::: RAW DATA

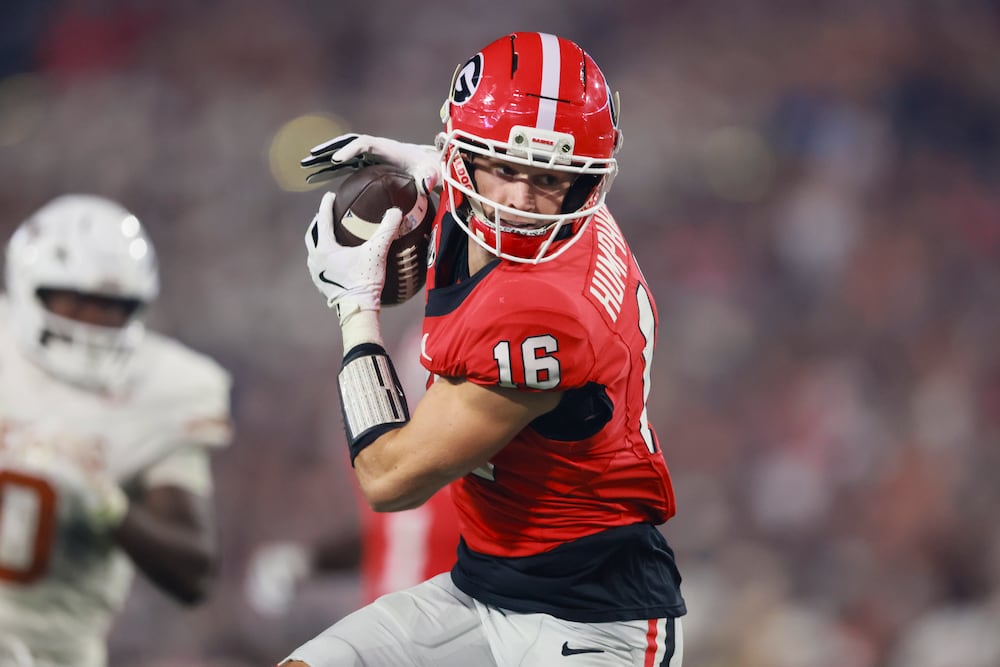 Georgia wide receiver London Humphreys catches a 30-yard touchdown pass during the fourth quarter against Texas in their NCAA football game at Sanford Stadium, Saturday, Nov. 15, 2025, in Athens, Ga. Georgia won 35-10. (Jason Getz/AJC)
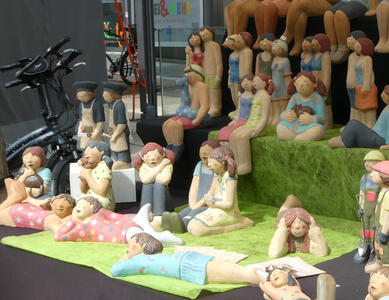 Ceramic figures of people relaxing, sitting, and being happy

::::::
::: RAW DATA

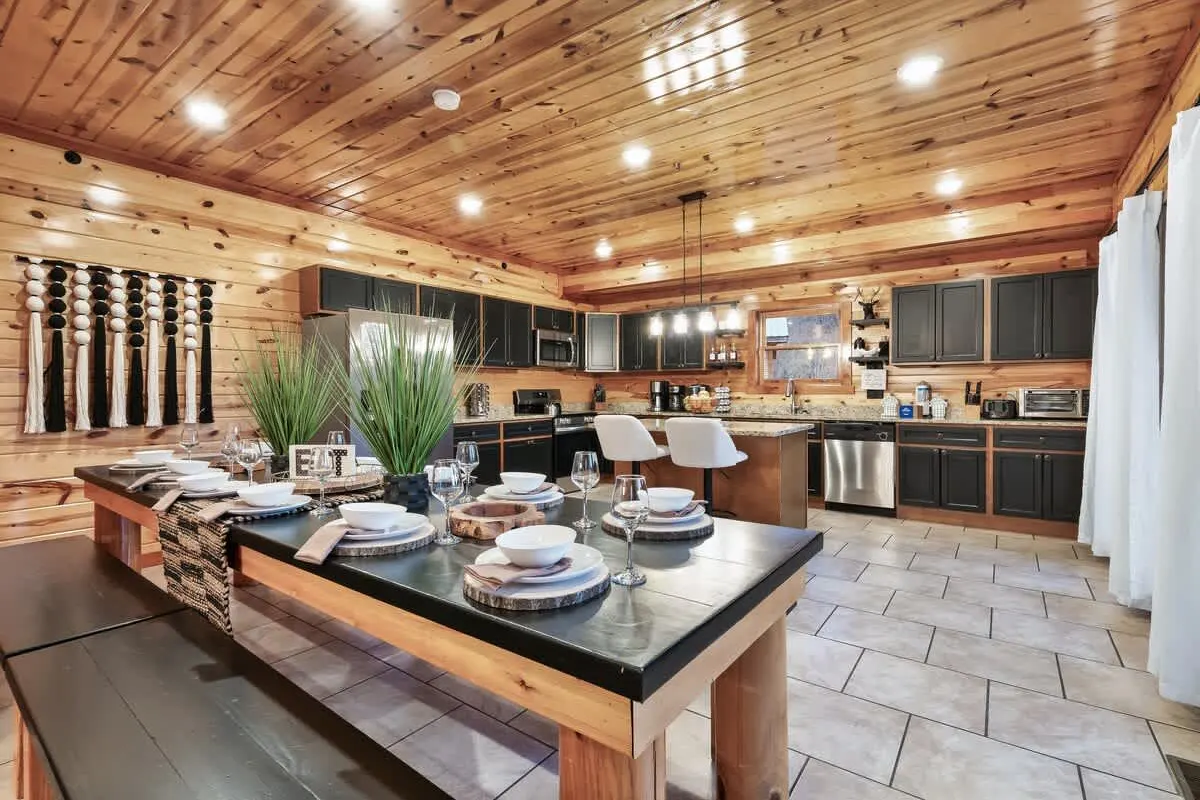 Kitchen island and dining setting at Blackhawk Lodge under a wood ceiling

::::::

WORK TO BE COMPLETED: Would you please repeat only the lines above, beginning at the one that has "Georgia wide receiver" and stopping after the one that has "Ceramic figures of", exactly and with no pictures?

WRITTEN ANSWER:
 Georgia wide receiver London Humphreys catches a 30-yard touchdown pass during the fourth quarter against Texas in their NCAA football game at Sanford Stadium, Saturday, Nov. 15, 2025, in Athens, Ga. Georgia won 35-10. (Jason Getz/AJC)
 Ceramic figures of people relaxing, sitting, and being happy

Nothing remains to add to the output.